Basically, you get up in the night to pee or something, and absent-mindedly go to the fridge to get a glass of orange juice or something, and bam, you learn not to do that again. :-) It took me about half a sip to learn, and that was of room temperature water, but more on that in a second.

Everyone differs of course, but for me, it was as if my throat was closing off, breathing etc. That's the best way to describe it, but isn't quite accurate. It's a strange sensation that seems to start in the back of the mouth, and jaw, and rapidly progresses. Apparently I was more sensitive than most, because even room temperature liquids triggered a reaction for me.

One bit of advice if it's cold where you are: bundle up WELL, particularly your head and neck area, even if others don't consider it cold enough for that.

It tends to be worst in the days immediately following the infusion, and then tapers back off to more manageable, just in time to start all over again with the next round, heh.

As far as the peripheral neuropathy, I developed it eventually, though not at first. (I couldn't grasp a coffee cup without possibly dropping it.) But I tend to think it may have been from the capecitabine which I was concurrently on, because I also had the reddening of the skin on my feet, etc.

Keep an eye on your side effects, and don't hesitate to mention them to your medical oncologist. Sometimes there are treatments that can be given to help, and sometimes it's appropriate to delay a round for a week or so, (because toxicity IS dangerous with this stuff) to give your body a chance to recover adequately to be SAFE to have the next round. I know it felt like a "failure" to have to wait without treatment, but really it's much more important to be able to continue "eventually" after your body can handle it, rather than end up hospitalized for a couple of weeks fighting toxicity.

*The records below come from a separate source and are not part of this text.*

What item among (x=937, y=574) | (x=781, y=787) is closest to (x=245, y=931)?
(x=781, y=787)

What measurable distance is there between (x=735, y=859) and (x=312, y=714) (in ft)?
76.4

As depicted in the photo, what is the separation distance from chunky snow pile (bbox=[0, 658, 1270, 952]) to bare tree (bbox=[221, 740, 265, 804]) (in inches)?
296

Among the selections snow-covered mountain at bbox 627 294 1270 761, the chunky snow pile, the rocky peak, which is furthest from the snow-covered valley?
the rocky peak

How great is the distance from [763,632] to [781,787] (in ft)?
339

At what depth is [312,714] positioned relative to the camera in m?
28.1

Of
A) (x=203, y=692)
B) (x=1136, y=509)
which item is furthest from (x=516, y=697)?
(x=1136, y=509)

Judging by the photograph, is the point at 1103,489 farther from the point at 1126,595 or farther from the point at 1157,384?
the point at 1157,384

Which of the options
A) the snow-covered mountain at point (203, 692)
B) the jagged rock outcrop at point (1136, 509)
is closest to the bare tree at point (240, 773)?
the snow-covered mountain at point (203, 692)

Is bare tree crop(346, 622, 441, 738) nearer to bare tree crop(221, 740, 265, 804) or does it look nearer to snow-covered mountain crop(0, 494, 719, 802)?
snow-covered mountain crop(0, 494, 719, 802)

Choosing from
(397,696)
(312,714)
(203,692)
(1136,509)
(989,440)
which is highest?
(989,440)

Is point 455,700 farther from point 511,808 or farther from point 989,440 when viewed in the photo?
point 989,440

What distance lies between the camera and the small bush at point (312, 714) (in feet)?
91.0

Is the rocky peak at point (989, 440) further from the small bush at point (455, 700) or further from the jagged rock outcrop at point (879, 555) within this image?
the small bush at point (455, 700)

And my personal advice? Hydration! get those anti-nausea meds in you right away, don't wait until you already have symptoms, and force fluids, force fluids, force fluids. (Warm ones, heh.)

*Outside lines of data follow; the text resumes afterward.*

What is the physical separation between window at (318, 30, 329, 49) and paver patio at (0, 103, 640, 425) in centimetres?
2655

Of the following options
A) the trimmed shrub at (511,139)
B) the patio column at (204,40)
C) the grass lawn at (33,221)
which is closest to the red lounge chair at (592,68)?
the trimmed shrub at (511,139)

You may feel "lousy" after the infusion, but believe me, that's nothing compared to how lousy you can feel after the infusion plus being dehydrated ,if you let that happen. I learned fairly early that I'd feel much less rotten if I drank as often as I could, like it or not.

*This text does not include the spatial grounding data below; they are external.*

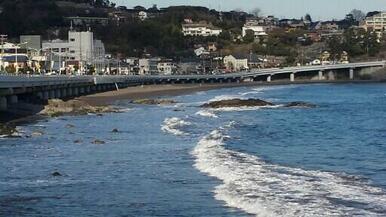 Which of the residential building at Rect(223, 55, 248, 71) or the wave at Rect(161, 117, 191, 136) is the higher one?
the residential building at Rect(223, 55, 248, 71)

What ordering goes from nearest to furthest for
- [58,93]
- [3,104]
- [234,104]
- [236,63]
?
1. [3,104]
2. [234,104]
3. [58,93]
4. [236,63]

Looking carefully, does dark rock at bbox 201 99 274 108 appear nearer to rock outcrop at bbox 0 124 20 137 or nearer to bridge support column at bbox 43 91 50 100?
bridge support column at bbox 43 91 50 100

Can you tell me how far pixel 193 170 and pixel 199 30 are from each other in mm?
Answer: 149025

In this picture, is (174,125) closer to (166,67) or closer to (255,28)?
(166,67)

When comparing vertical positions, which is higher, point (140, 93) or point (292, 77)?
point (140, 93)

One way to get dehydrated is to forget those anti-nausea meds, vomiting every few minutes for literally hours, well, you just don't want to go there.

On a related note, food won't taste "right" most days. An odd metalic taste is common, but even that will vary from day to day. What tasted lousy one day, you may crave the next, then find disgusting the next. :-)

Did I make it sound terrible? I didn't mean to, it's not pleasant, but it's certainly survivable (and I'd sign up for it again, even knowing, if that helps.)

In any case, be well, and best of luck to you with the journey. Treat yourself special too, you deserve it. :-)

well's picture
Posts: 26
Joined: Apr 2005

Replying to myself here.

Duh! I forgot to answer your one question. Everyone is different, and my onc warned that I "might" lose my hair, but I didn't at all that I can tell. It had been a concern of mine, I admit.